I’m currently working on pipette tip shearing, a method to break DNA into smaller pieces for high-quality sequencing. Traditionally, the Long-Read Sequencing team use a Megaruptor, which shears DNA with syringes, but this is costly and only handles eight samples at a time. We’re now testing Hamilton’s method, which uses pipette tips on the automation deck to shear DNA directly in a 96-well plate. This saves time and money by using existing tools. The shearing step works well, but the next challenge is purifying the DNA and removing unwanted fragments at larger volumes. I’m currently validating that process.

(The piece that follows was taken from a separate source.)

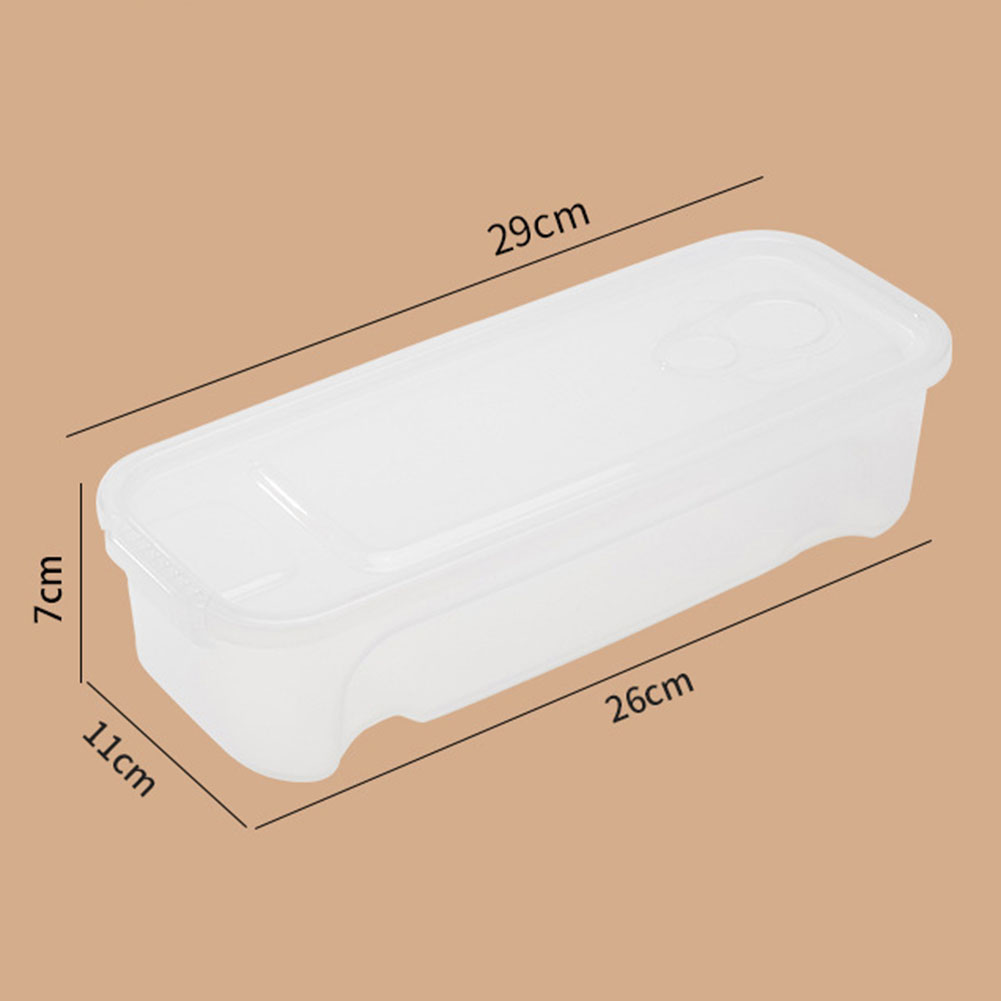 Contenitore da Cucina per Micr - Food Storage Brands recensione e prezzo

I think for people who don’t have experience with automation, there can be some uncertainty about what it means in practice. But in reality, these systems still rely heavily on people – especially with a modular setup like ours. You need people to load samples, operate the instruments and make sure the data are accurate. While we’re not doing the pipetting by hand anymore, people remain central to the process. Automation simply allows us to process larger batches more quickly, reduce repetitive strain and human error, ensure consistent and reliable results, and ultimately do more science.

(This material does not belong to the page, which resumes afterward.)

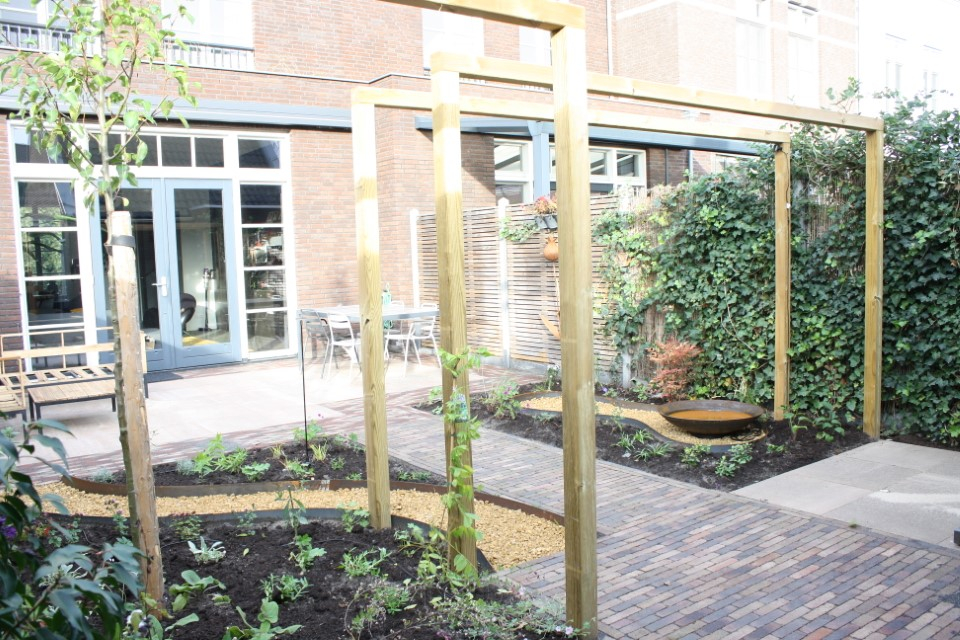 hovenier_zwolle_AangepastIMG_5723__1.JPG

I think another misconception is that when I say I do some coding in my methods, people assume I’m a computer scientist – fluent in languages like Python or JavaScript. There are elements of that in various different automation platforms, but it isn't something that is absolutely necessary to create a method that you run. I can slightly read and edit this type of coding, but I wouldn’t be able to write something from scratch.

I'd say the most rewarding bit was seeing the methods that I helped develop for the long read SPK3 process actually being used. Because I spent a lot of time, especially on the SPRI cleanups, getting that working. SPRI beads (Solid Phase Reversible Immobilisation) are used to purify and size-select DNA fragments. It’s a standard method in sequencing workflows to remove unwanted small fragments, salts and other impurities. Developing that method was particularly challenging just because of how much we had to create. It was so complex with loads of different if statements in there. We got the base of that method from Beckman, but it was then our job to go in and make it applicable for the samples that we were working with, which is what took the time. Seeing all that effort pay off – knowing the methods we developed were used to process over 1,500 samples and now form the basis for other workflows – made it incredibly rewarding.

I’d probably say that if you’re starting out in a lab, it’s important to ask questions and stay curious. Showing genuine interest, and once you begin to build some knowledge, demonstrating that you want to keep learning more, really helps. It’s also worth asking to shadow colleagues or volunteering to help with tasks whenever opportunities come up.

I have recently got into Pokémon collecting. I always loved it as a kid; I grew up watching the cartoon and playing some of the games. I only recently got into card collecting and now I am hooked. I think it is mainly nostalgia. I have made a couple of new friends through that too.

I also love pub quizzes. I usually go every week on a Tuesday. One of the local pubs near me does Speed Quizzing, so instead of writing down on a piece of paper, you use a tablet or a phone to answer the questions, which I quite enjoy because I like trying to be the quickest to answer.

I enjoy spending time with my friends and exploring new places with them, whether that is on holiday somewhere in Europe or exploring parts of the UK. Two of my favourite locations that I have been to are Denmark and Scotland!

I’m a big foodie – both my parents trained as chefs, so I grew up in a food-focused household and watching fine dining shows. I once celebrated my birthday at Tom Kerridge’s Bar & Grill in London, where his head chef at the time, Nick Beardshaw, served dishes he’d made on the BBC show Great British Menu. I had a dessert inspired by Banksy’s Girl with Balloon, and it was the best I’ve ever eaten. I love the creativity, skill and precision that goes into fine dining – it’s like a science.